======== RECORDS SUPPLIED

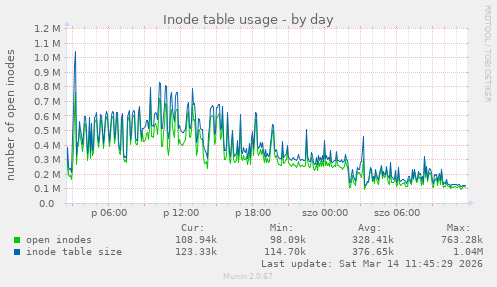Inode table usage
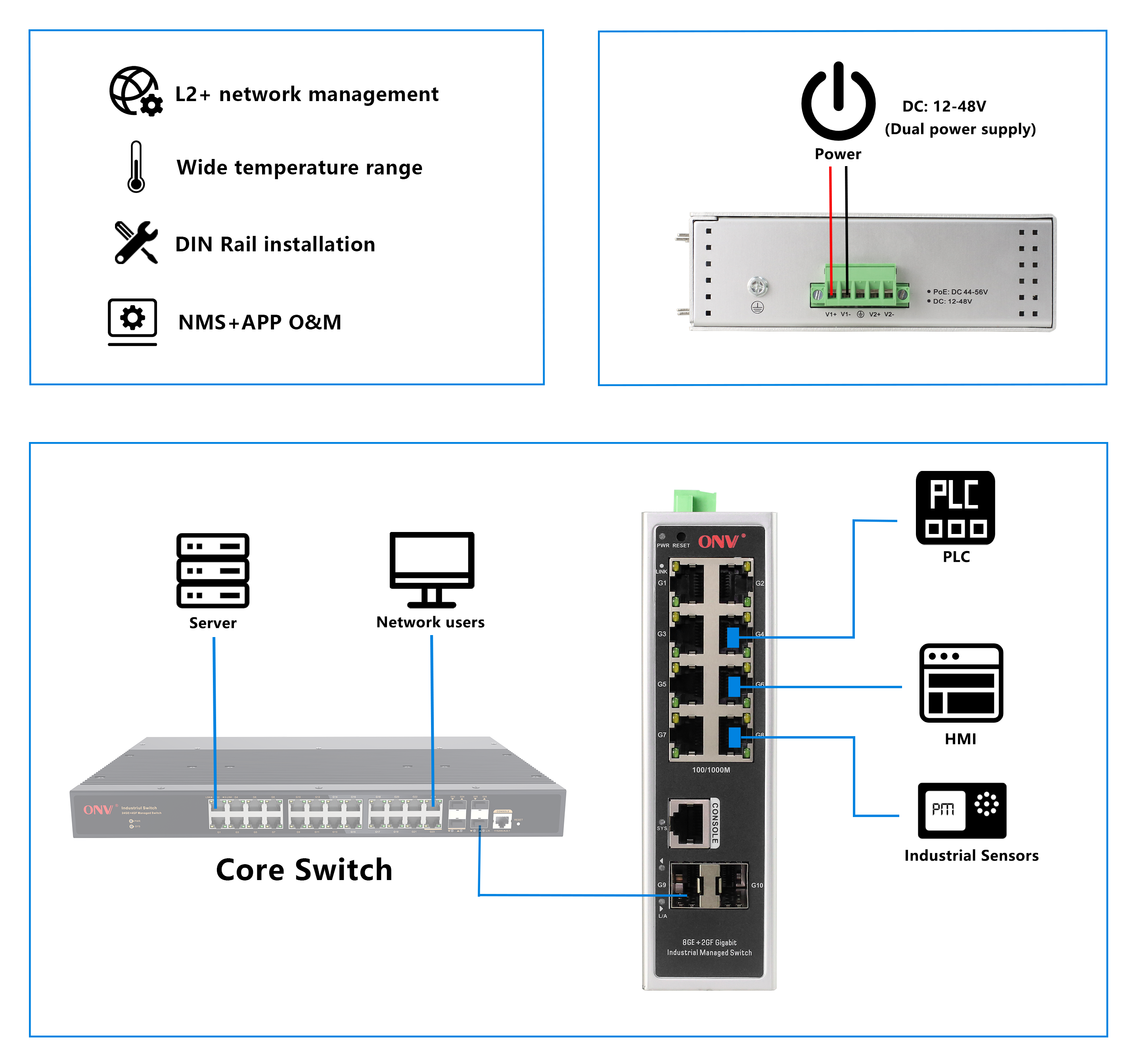 industrial Ethernet switch, managed industrial Ethernet switch, Ethernet switch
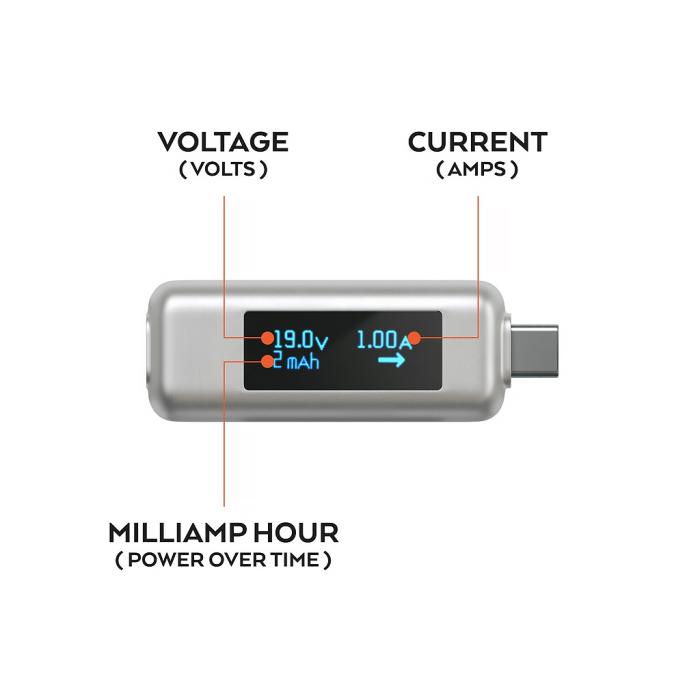 UTGATT5 - Satechi Type-C Power Meter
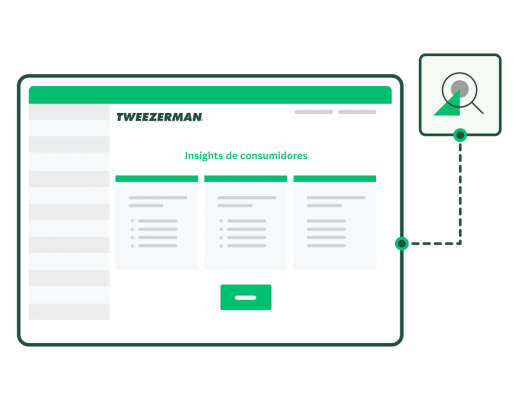 Imagem de relatórios de insights de consumidores da Tweezerman na SurveyMonkey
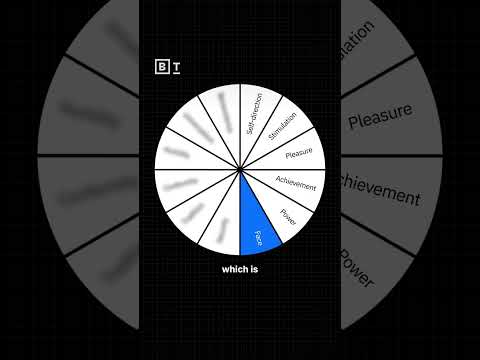 the-12-values-that-define-you-|-chris-bailey
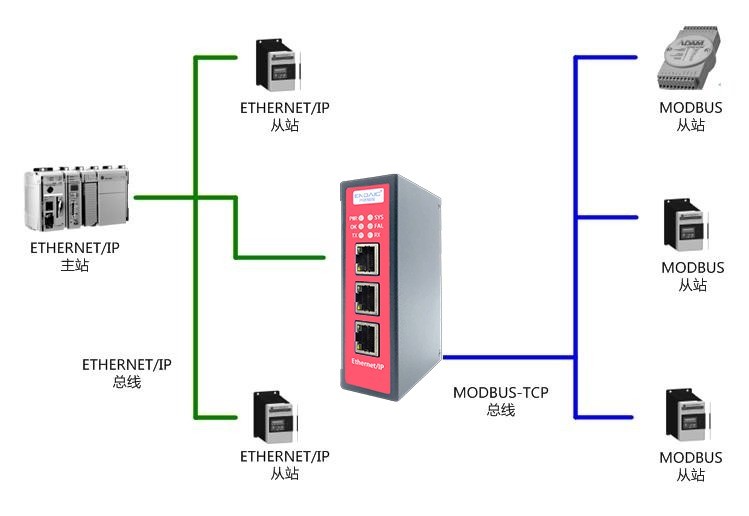 Modbus-Tcp转EthernetIP从站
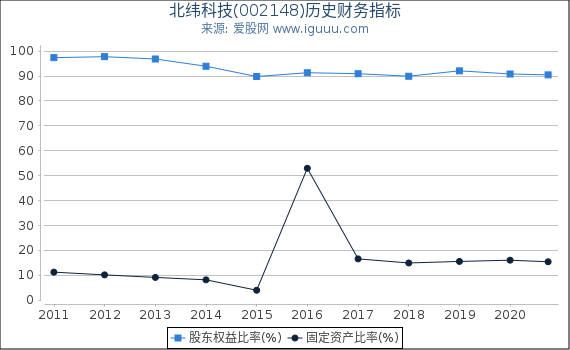北纬科技(002148)股东权益比率、固定资产比率等历史财务指标图 北纬科技(002148)股东权益比率、固定资产比率等历史财务指标图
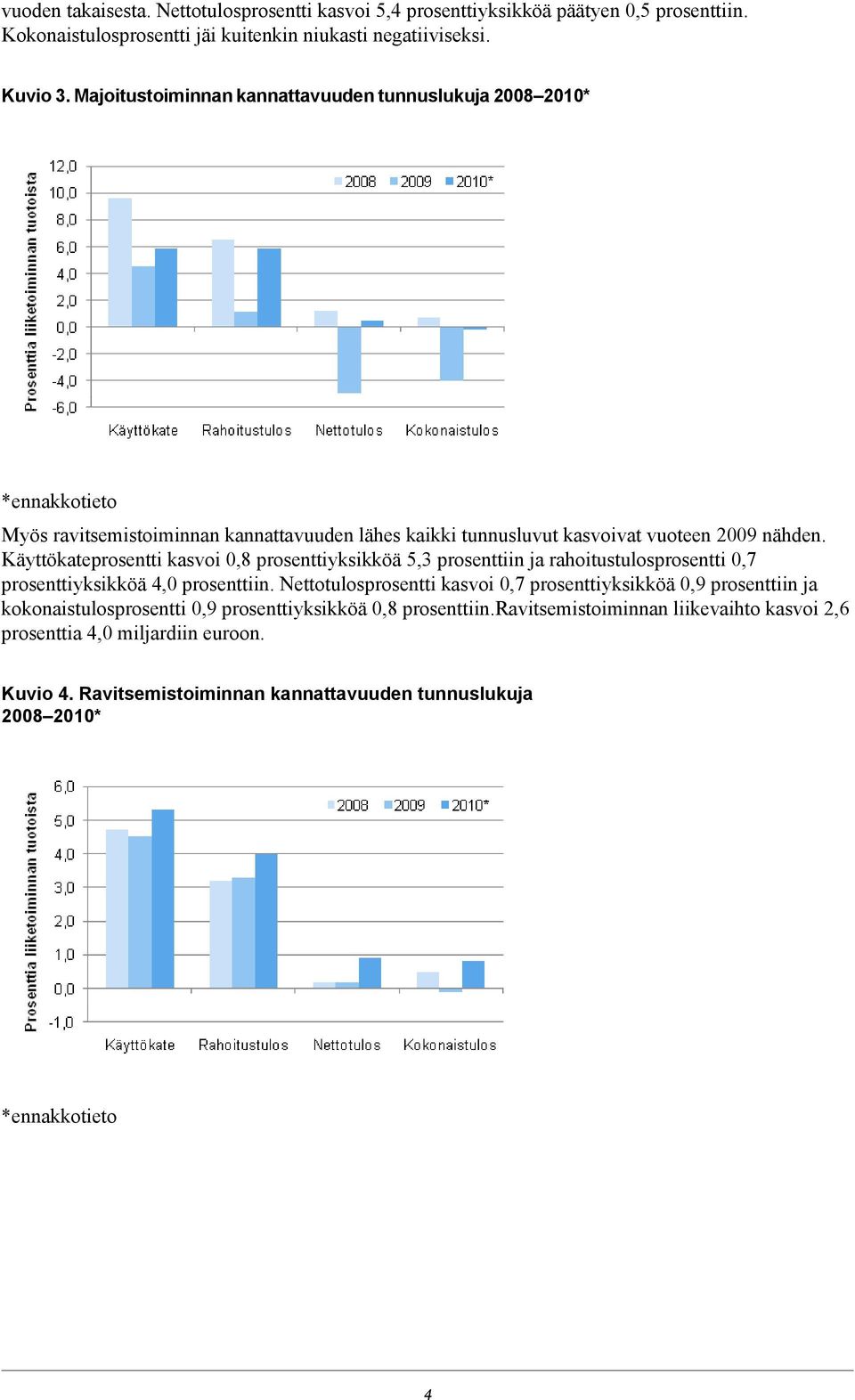 Käyttökateprosentti kasvoi 0,8 prosenttiyksikköä 5,3 prosenttiin ja rahoitustulosprosentti 0,7 prosenttiyksikköä 4,0 prosenttiin.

================

* TASK TO CARRY OUT *
Pictures are not part of the copy; reproduce exactly and only the lines from the line containing "Modbus-Tcp转EthernetIP从站" through the end of the listing.

* EXERCISE RESPONSE *
 Modbus-Tcp转EthernetIP从站
北纬科技(002148)股东权益比率、固定资产比率等历史财务指标图 北纬科技(002148)股东权益比率、固定资产比率等历史财务指标图
 Käyttökateprosentti kasvoi 0,8 prosenttiyksikköä 5,3 prosenttiin ja rahoitustulosprosentti 0,7 prosenttiyksikköä 4,0 prosenttiin.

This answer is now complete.